Young Scientist

Young Scientist

February 23, 2024By Aileen O’Catherine

Have you ever thought about what it might be like to travel through time? Have you imagined going back to correct a mistake, or to see how you looked as a baby? The movie “Back to the Future” explored this idea through a fictional device called the DeLorean Time Machine, which the character Marty McFly used to go back in time to meet his mother before she had married his father. But is time travel possible outside the world of science fiction?

Time travel is not only possible, it’s inevitable. As you read these words, you’re traveling through time at a rate of one second per second. When the scientist Albert Einstein developed his theory of relativity, he noted that nothing can travel faster than the speed of light. (Light travels through a vacuum at the speed of 299,792,458 meters per second — equal to 983,571,056 feet or 186,000 miles per second). Einstein’s theory also noted that the faster you travel, the slower you experience time, because space and time are linked together. Scientists have proven his theory is correct. In one experiment, scientists set two clocks to the exact same time. One clock stayed on Earth, and the other clock flew in an airplane in the direction of the Earth’s rotation. Scientists compared the two clocks after the airplane had traveled around the world. The clock on the airplane was slightly behind the clock on Earth, meaning the clock on the airplane traveled slower in time than one second per second.

Einstein’s theory also states that gravity curves space and time, which causes time to slow down. This affects our everyday lives. When using navigational maps in our cars or phones to get around town, the information comes to us from GPS (global positioning system) satellites. GPS satellites orbit Earth at 14,000 kilometers (8,700 miles) per hour, a high rate of speed, which slows the satellite clocks down by a fraction of a second. However, remember how gravity curves space and time? Because GPS satellites orbit Earth high above its surface, they zoom around in weaker gravity. (The further from Earth, the weaker the force of gravity). So, the GPS satellite clocks run faster than clocks on the ground, which would make your navigational map show you moving faster than the rate you actually are traveling on Earth. While that would normally mean miles of difference, scientists use mathematics to correct the time differences so they match. 

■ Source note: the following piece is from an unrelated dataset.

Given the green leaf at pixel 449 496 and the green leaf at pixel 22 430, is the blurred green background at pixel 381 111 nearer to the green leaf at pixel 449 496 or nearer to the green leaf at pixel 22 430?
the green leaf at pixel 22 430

You’ve experienced another kind of time travel if you’ve ever travelled long distances by airplane.  Because Earth is curved and not flat like a map, an imaginary north-south line drawn through the middle of Earth at 0 degrees longitude acts as a kind of starting point for measuring distance east and west. This line is called the prime meridian, and by international agreement, it runs through Greenwich, England. The prime meridian also sets Coordinated Universal Time (UTC). All countries measure their time zones according to UTC, and there are 24 time zones in the world. The prime meridian also establishes the International Date Line, which is at 180 degrees longitude (halfway around a 360-degree Earth). If you travel east from New York to Norway, you will go back in time, or lose time, because you’ve crossed six time zones. If you travel west from New York to San Francisco, you will move ahead in time because you will have crossed four time zones.

 

While we all time travel at the rate of speed of one second per second here on Earth, we each experience it differently. When taking a test, time can seem to drag. A birthday party can seem to go by in a flash. If you could time travel to a different place and time, where and when would that be?